# Transformer Encoders

A transformer encoder is a stack of layers that maps an input sequence to a contextual sequence representation. Each output position can contain information from every visible input position. Encoder models are useful when the full input is available before prediction.

Examples include text classification, named entity recognition, sentence embedding, document ranking, image classification with vision transformers, and many multimodal encoders.

Given an input tensor

$$
X \in \mathbb{R}^{B \times T \times D},
$$

a transformer encoder returns

$$
H \in \mathbb{R}^{B \times T \times D}.
$$

The sequence length and model dimension usually stay unchanged across encoder layers.

### Encoder Layer Structure

A standard transformer encoder layer has two main sublayers:

| Sublayer | Purpose |
|---|---|
| Multi-head self-attention | Allows tokens to exchange information |
| Feedforward network | Applies nonlinear transformation to each token |

Each sublayer is wrapped with residual connections and layer normalization.

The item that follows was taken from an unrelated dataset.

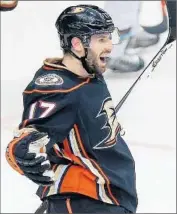  ?? Stephen Dunn
Getty Images ?? RYAN KESLER , above, “likes playing in the hardest situations,” teammate Andrew Cogliano says.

The common modern form is pre-normalization:

$$
X_1 = X + \operatorname{SelfAttention}(\operatorname{LayerNorm}(X)),
$$

$$
Y = X_1 + \operatorname{FFN}(\operatorname{LayerNorm}(X_1)).
$$

The output $Y$ has the same shape as $X$.

Pre-normalization is widely used because it tends to train deep transformers more stably than the original post-normalization layout.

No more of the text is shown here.